Set amid 408 acres a couple of hours northeast of Bordeaux, the imposing Château de Montbrun dates from 1179. Although pillaged then rebuilt in the 1430s, the 16-bedroom manor nonetheless retains its original eight-story crenellated tower and medieval moat, while its current owners have added luxuries like radiant-heat floors and an elevator, cinema room, and sauna. Listed as a historic monument, the site is where Richard the Lionheart is said to have died from a wound sustained during a siege of a nearby castle.
Dating from 1885, this storybook Victorian pile is located outside Glasgow, at the edge of the Scottish Highlands. The current owners acquired the 11-bedroom retreat, dubbed Craigallian, in the 1990s, maintaining original decorative features such as inlaid oak paneling, fleur-de-lis plasterwork, and elaborate cornices while modernizing spaces like the kitchen—which was outfitted by kitchen-design firm Clive Christian. A veritable sporting haven, the rambling 340-acre property features a large trout-stocked lake and boathouse, horse stables, and a charming two-bedroom sandstone cottage with its own conservatory and garden.
To help safeguard Spain’s southern coast in the 1620s, King Philip IV ordered a fortress be built on a nearby mountainside overlooking the Mediterranean. In 1929, with the stronghold long abandoned, the Count of Mieres asked the French firm Lahalle et Levard to craft a majestic 27,000-square-foot neo-Moorish palace on the 1.5-acre parcel. Refurbished as a luxe eight-key hotel a decade ago, the property retains original elements like Mauméjean stained-glass windows, wrought-iron chandeliers, and marble floors—not to mention the ancient ruins, now presiding over the lush terrace.
In the early 1900s a local nobleman was gifted this 15th-century Piedmont estate as a token of gratitude for his military service, and he promptly enlisted architect Giovanni Chevalley to oversee an extensive renovation and expansion.

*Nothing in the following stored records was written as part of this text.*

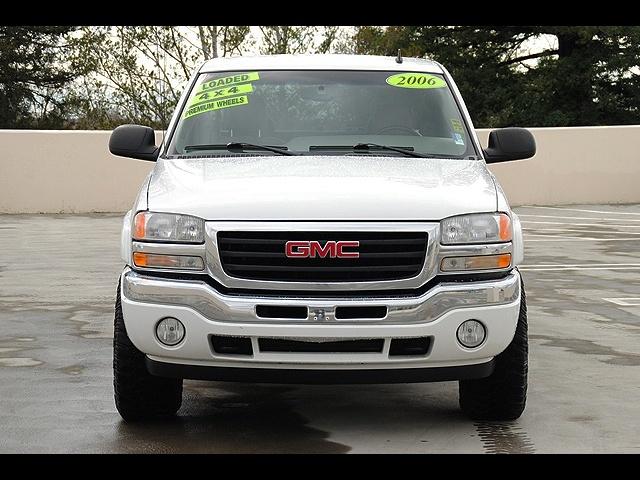 2006 GMC Sierra EX Coupe 2D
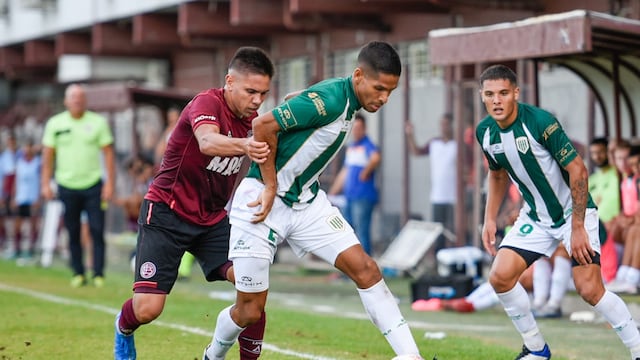 Una impactante lesión en el clásico de Lanús y Banflied eclipsó el partido.
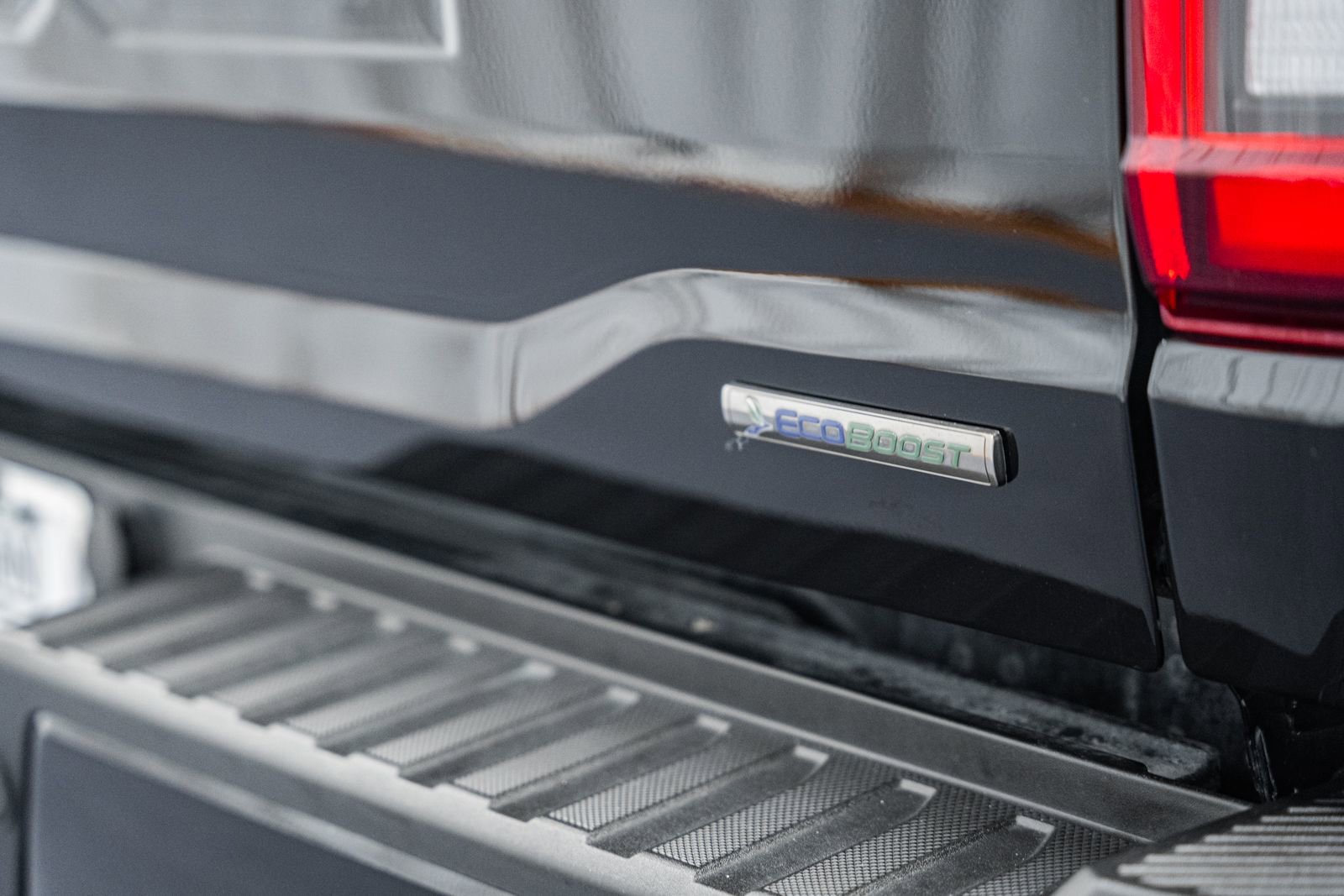 Certified 2022 Ford F150 Lariat w/ Equipment Group 502A High image 21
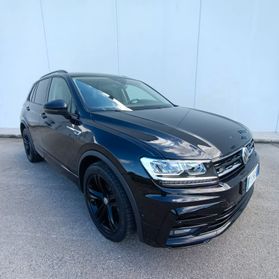 Volkswagen Tiguan AUTO 4MOTION R-LINE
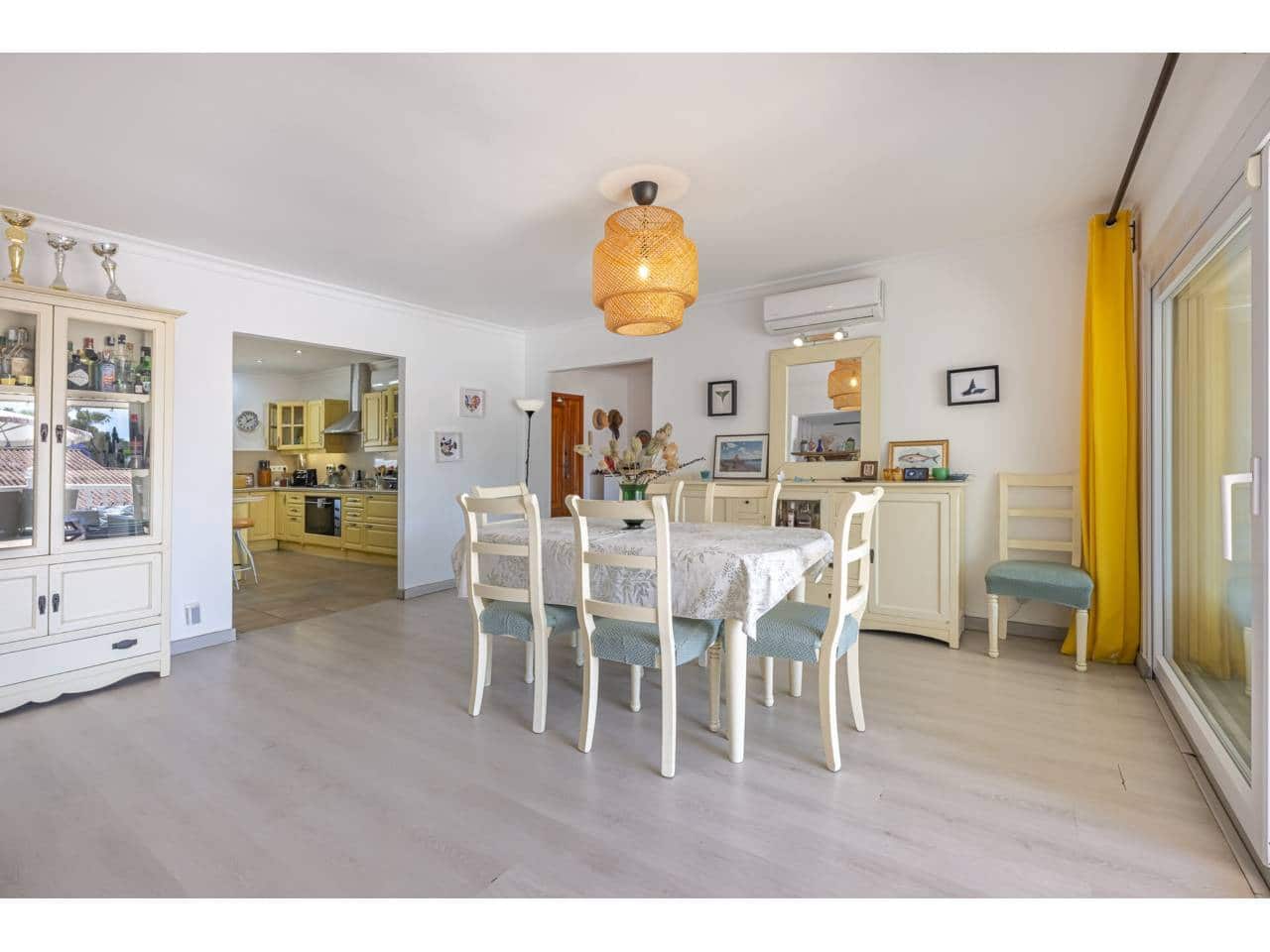 7 chambre Villa/Maison à vendre à Sotogrande avec piscine garage - 1 190 000 € (Ref: 9290907)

Organized around a central courtyard, the horseshoe-shaped plan now holds six bedrooms, a tower, and a consecrated chapel across 21,500 square feet. (Original details were graciously preserved as well, including frescoes from 1633, intricate plaster moldings, and an impressive sandstone fireplace carved with a coat of arms.) Dotted with vernacular outbuildings, the manicured eight-acre grounds boast staff quarters, a barn, and a greenhouse, plus an orchard and a private lake.
In 1998 Belgian industrialist Jos Vaessen purchased this 18th-century compound, known as Château Ommerstein, situated about 50 miles east of Brussels. “It was more or less a ruin,” he said in 2012, describing the property’s condition prior to architect Vittorio Simoni’s exhaustive eight-year renovation, which introduced Art Deco–inspired interiors and modern amenities (including an elevator and rooftop terrace) to the 25,000-square-foot, 12-bedroom villa. A pair of spacious detached wings, meanwhile, contain staff quarters, stables, and a four-car garage. There’s also a heated pool on the estate, whose 33 acres are graced by some of the country’s oldest giant sequoias.